Set down word for word each line from the one containing "Anschrift des Vertretungsberechtigen" through the end of the records, both included. Do not copy any pictures.

++++++

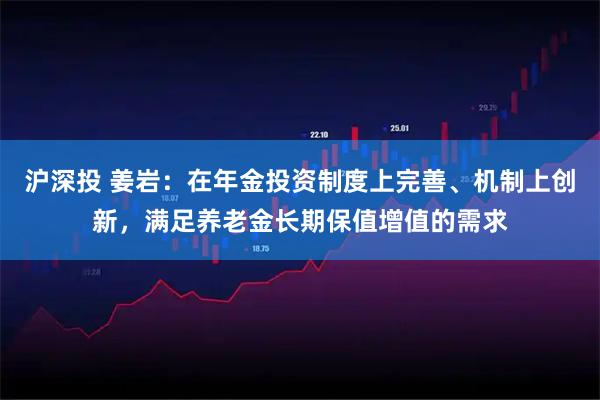 沪深投 姜岩:在年金投资制度上完善、机制上创新,满足养老金长期保值增值的需求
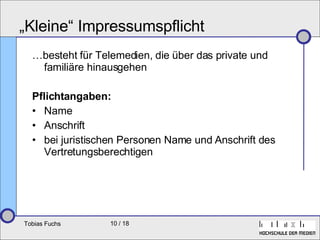 „Kleine“ Impressumspflicht …besteht für Telemedien, die über das private und familiäre hinausgehen Pflichtangaben: Name Anschrift bei juristischen Personen Name und Anschrift des Vertretungsberechtigen 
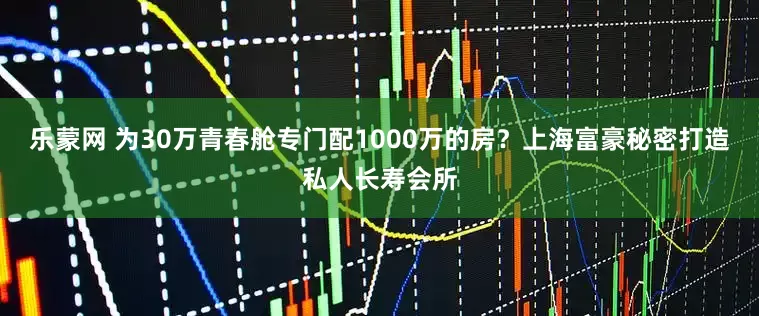 乐蒙网 为30万青春舱专门配1000万的房？上海富豪秘密打造私人长寿会所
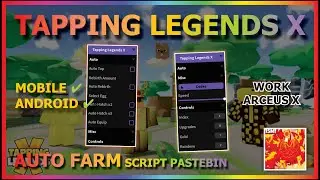 TAPPING LEGENDS X Script Mobile AUTO FARM | GOLDEN | RAINBOW | AUTO REBIRTH & MORE 🌹🍀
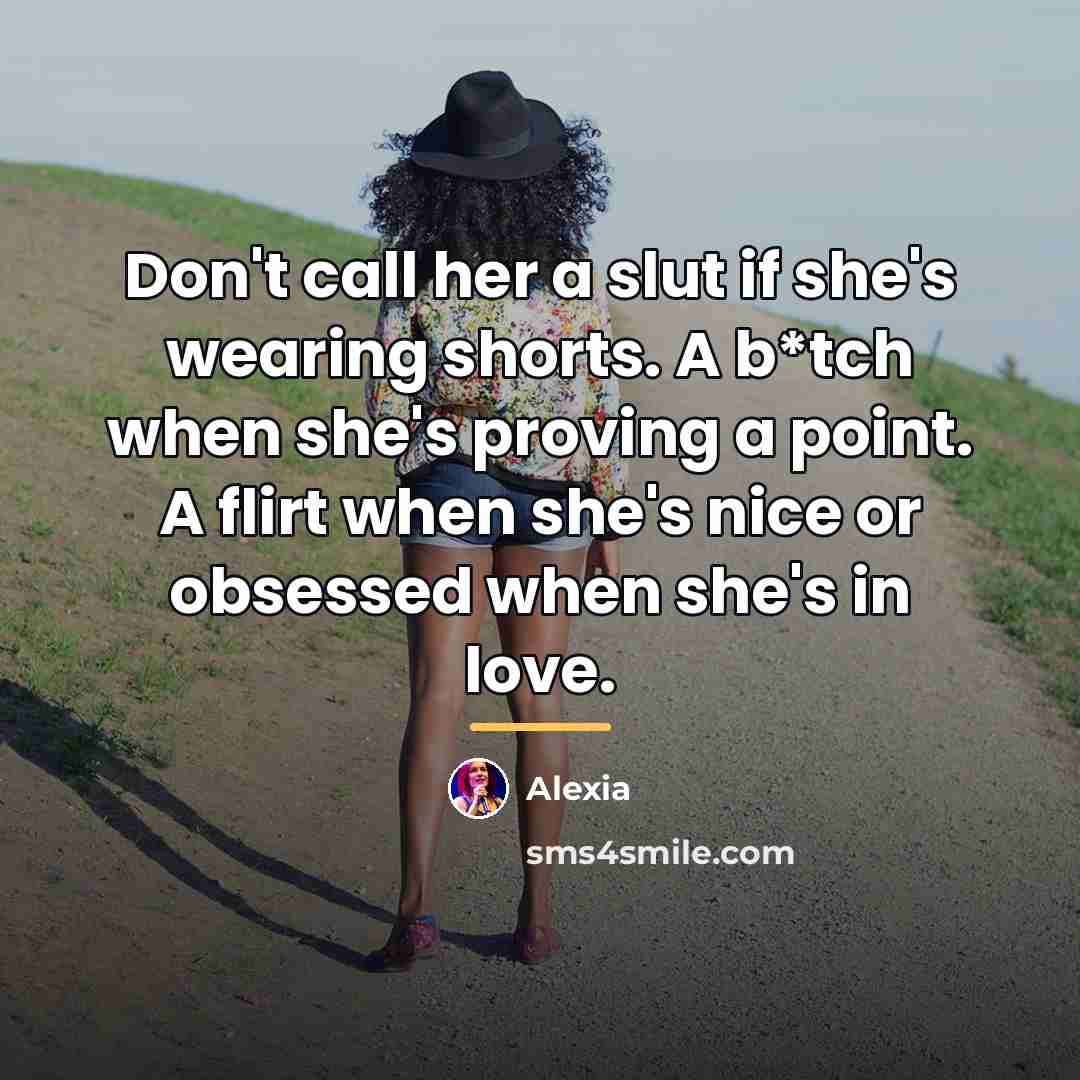 “Don't call her a slut if she's wearing shorts. A…” quote by Alexia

++++++

_Answer to the exercise_:
 „Kleine“ Impressumspflicht …besteht für Telemedien, die über das private und familiäre hinausgehen Pflichtangaben: Name Anschrift bei juristischen Personen Name und Anschrift des Vertretungsberechtigen 
 乐蒙网 为30万青春舱专门配1000万的房？上海富豪秘密打造私人长寿会所
 TAPPING LEGENDS X Script Mobile AUTO FARM | GOLDEN | RAINBOW | AUTO REBIRTH & MORE 🌹🍀
 “Don't call her a slut if she's wearing shorts. A…” quote by Alexia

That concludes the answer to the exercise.